When initially assessing the attractiveness of an acquisition opportunity, most corporate purchasers within manufacturing will apply some form of margin assessment, be it at gross margin level or further down the P&L / income statement. Based on the regular conversations we have with major mainstream manufacturing companies; a typical buyer test would be: “It needs to be at 20% EBITDA or have a route to that level of profitability as part of our group.”
In highly technical fields, a gross margin target is sometimes adopted instead as targets may be small but have to address global markets which can skew EBITDA, while gross margin allows the buyer to look at the fundamental attractiveness of the product to the customer without the noise of the overhead base and most differences in accounting policies. High gross margins suggest technically differentiated products that the customer values and a degree of barrier to competition. Here the message may be: “Targets need to have a gross margin of approaching 50% to be attractive.”
Two different approaches, but both carry the same underlying assumption: that the buyer will be able to enhance profitability through its ownership. In the former, the buyer is saying (‘our group can marginally improve EBITDA’). In the latter, the assumption is more brazen (‘Don’t worry too much about overheads. That will all change once the product set has the benefit of our structure’). But is that assumption fair?
Reliable data is hard to come by as, in most geographies, smaller private technical manufacturing businesses have a lot of leeway in what income data they report. In addition, smaller businesses may be investing a higher level of income back into the business as they grow and/or are looking to limit reported profit for tax purposes. But, if bigger is generally better, that should carry through to the public markets to some degree as well. As a proxy, if we look at the EBITDA and gross margin profitability of the largest and smallest public companies in a single market we should see some differentiation if scale does drive greater profitability.
Let’s look at the UK.
As the graph below shows, at writing, the average gross margin of the seven pure technical manufacturing companies in the FTSE 100 (the index of the 100 largest companies on the LSE by market capital) is 37%, with an average EBITDA margin of 12% (historic) to 15% (current year forecast). These companies have market capitalizations of between £2.5bn and £20bn.
If we contrast that to the same averages for the 17 pure manufacturing companies on the FTSE Small Cap register, which have market capitalizations of between £250mm and £600mm, we see the larger corporates gaining no consistent benefit in terms of margin at either level, despite being on average 10x larger.
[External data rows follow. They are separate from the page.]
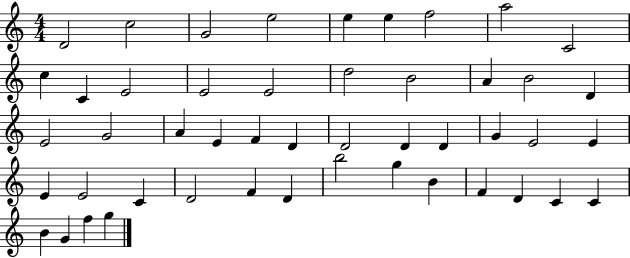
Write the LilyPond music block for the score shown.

{
  \clef treble
  \numericTimeSignature
  \time 4/4
  \key c \major
  d'2 c''2 | g'2 e''2 | e''4 e''4 f''2 | a''2 c'2 | \break c''4 c'4 e'2 | e'2 e'2 | d''2 b'2 | a'4 b'2 d'4 | \break e'2 g'2 | a'4 e'4 f'4 d'4 | d'2 d'4 d'4 | g'4 e'2 e'4 | \break e'4 e'2 c'4 | d'2 f'4 d'4 | b''2 g''4 b'4 | f'4 d'4 c'4 c'4 | \break b'4 g'4 f''4 g''4 | \bar "|."
}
So what might be the reasons?
Livingstone has established a very strong business advising companies in high-value manufacturing sectors such as sensors & controls, analytical equipment, and defense & aerospace across Europe and the US. In managing the sale process, we are always aware of the potential benefits the buyer will be able to generate through the acquisition and endeavor to secure as much of that incremental value for our clients as possible. These ‘Big Company Benefits’ typically include:
But not all these points will be relevant on any given transaction and they must be planned and carefully managed to be delivered. In addition, as with Goliath, David also has his advantages in driving the profitability of his business:
These factors are not reasons for a buyer to believe profitability may drop after acquisition, but if they are not properly recognized and planned for they will be starting on the back foot.
Some corporates look to avoid this risk by simply only acquiring larger businesses (say, north of $100mm revenue); where the differences between their model and that of the target will have been reduced by its increased scale, but that model prevents them from leveraging their sector knowledge to access high-growth niche markets early and results in them paying higher multiples for the deals they do. By the time a US or Western European manufacturing company gets to $100mm in revenue, they will have had their door knocked by more than a few suitors and advisers, and a managed auction is almost inevitable.
As a way to be able to access these high-margin and high-potential targets at an early stage, while still limiting the risk of losing some of the profitability benefits of independence, the more enlightened acquirers in our processes typically look to do two things well:
First, do no harm: allow the business to continue to run on a largely standalone basis for a period while they understand it and how the current team pulls the levers to deliver better performance.
Keep it simple, stupid: limit their synergy aspirations to no more than two or three initiatives, but focus on signaling those to everyone early and delivering them really well. For example, changing the target’s international sale channels from a via distribution model to direct sales is in itself a very significant project (and therefore a risk). Combining that with additional initiatives, such as changing a major business system in the first 18 months, is almost guaranteed to lead to customer dissent…and yet we see it all too often.
In short,small manufacturing businesses are frequently very skilled in optimizing their profits and, before layering on synergies, purchasers should look first to understand and accommodate how the target managers deliver the existing profitability, and perhaps even how some of those practices can be maintained and spread through their other operations after purchase to add some small company bite to their big company bark.